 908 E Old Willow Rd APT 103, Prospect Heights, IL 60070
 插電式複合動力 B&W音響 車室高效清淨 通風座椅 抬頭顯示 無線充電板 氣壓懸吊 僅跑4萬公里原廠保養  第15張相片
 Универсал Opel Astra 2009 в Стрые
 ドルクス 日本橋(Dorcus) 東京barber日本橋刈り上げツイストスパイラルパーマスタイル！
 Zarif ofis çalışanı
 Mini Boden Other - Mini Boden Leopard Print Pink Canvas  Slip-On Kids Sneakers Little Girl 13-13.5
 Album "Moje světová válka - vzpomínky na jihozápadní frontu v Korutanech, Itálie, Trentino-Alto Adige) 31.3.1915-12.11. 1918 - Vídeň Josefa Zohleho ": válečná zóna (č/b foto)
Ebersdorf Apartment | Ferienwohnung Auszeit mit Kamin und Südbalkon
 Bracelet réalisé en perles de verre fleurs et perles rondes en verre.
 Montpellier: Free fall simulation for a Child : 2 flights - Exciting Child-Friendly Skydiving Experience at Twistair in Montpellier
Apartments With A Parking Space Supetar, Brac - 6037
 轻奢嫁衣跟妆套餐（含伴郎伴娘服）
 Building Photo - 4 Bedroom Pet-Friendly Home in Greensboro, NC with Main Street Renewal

* * *

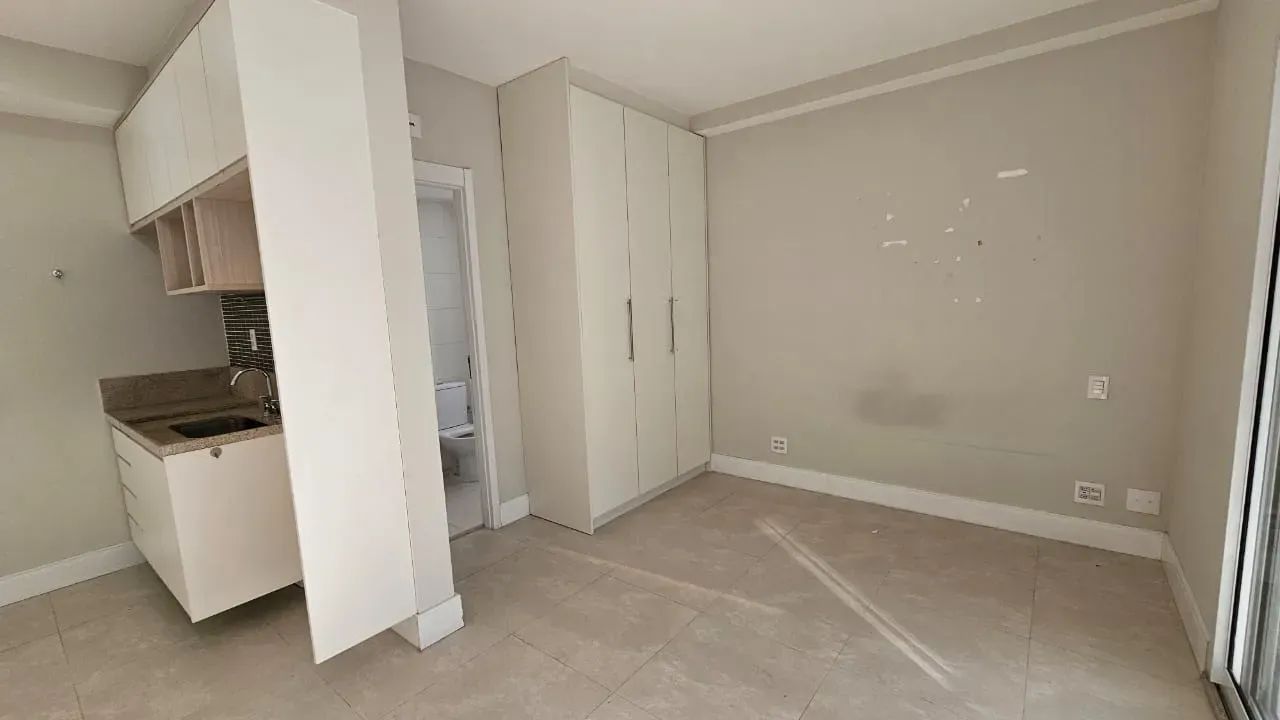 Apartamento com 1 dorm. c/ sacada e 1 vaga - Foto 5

...

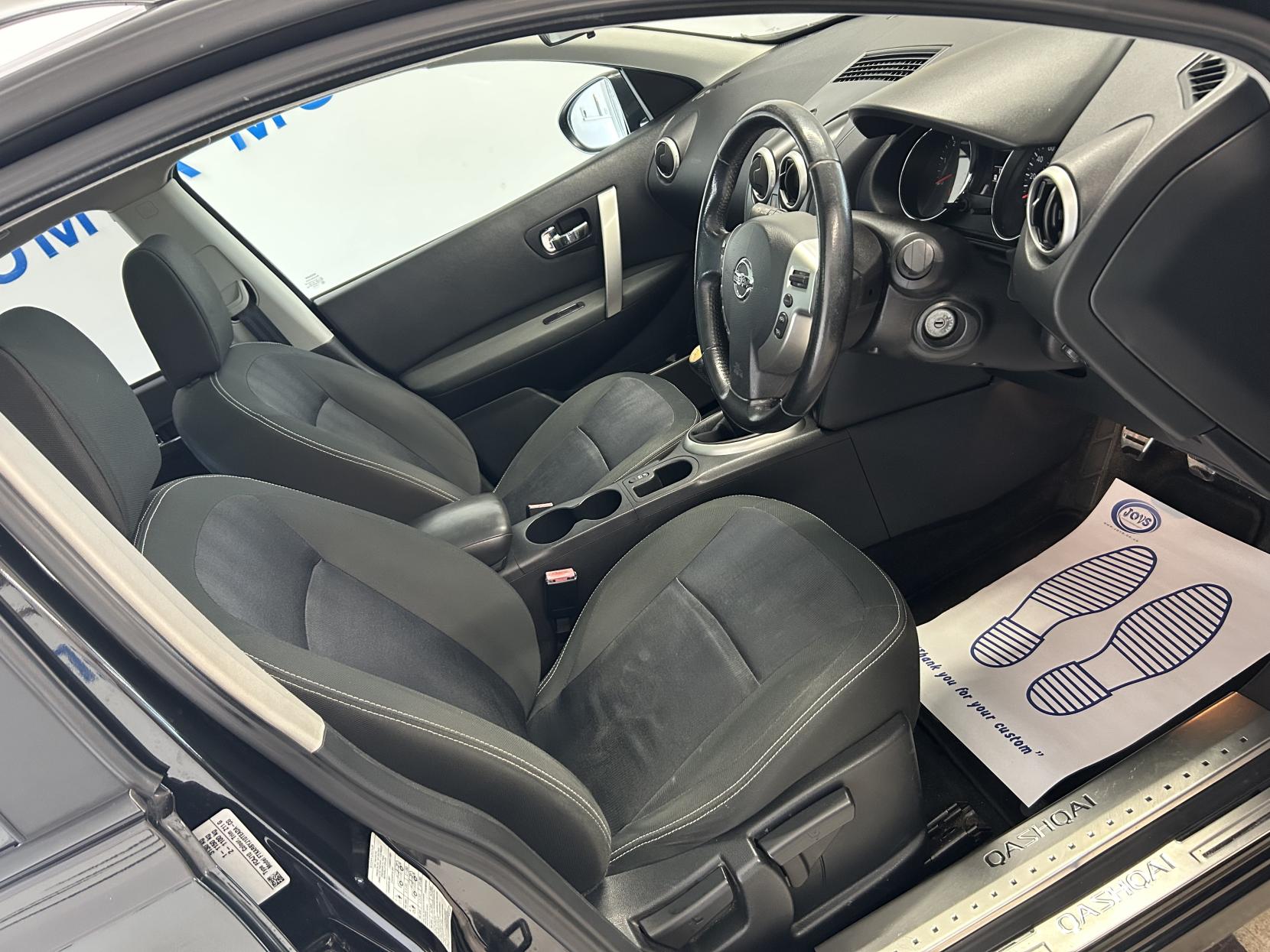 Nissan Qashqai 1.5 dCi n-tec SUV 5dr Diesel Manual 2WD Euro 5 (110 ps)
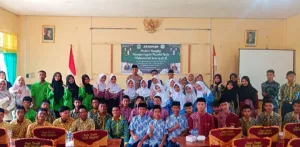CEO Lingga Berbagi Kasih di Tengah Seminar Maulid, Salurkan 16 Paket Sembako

> _Activity_
Retype, exactly and in full, the lines above from the one containing "908 E Old Willow" through the one containing "Mini Boden Other".

> _Result_
 908 E Old Willow Rd APT 103, Prospect Heights, IL 60070
 插電式複合動力 B&W音響 車室高效清淨 通風座椅 抬頭顯示 無線充電板 氣壓懸吊 僅跑4萬公里原廠保養  第15張相片
 Универсал Opel Astra 2009 в Стрые
 ドルクス 日本橋(Dorcus) 東京barber日本橋刈り上げツイストスパイラルパーマスタイル！
 Zarif ofis çalışanı
 Mini Boden Other - Mini Boden Leopard Print Pink Canvas  Slip-On Kids Sneakers Little Girl 13-13.5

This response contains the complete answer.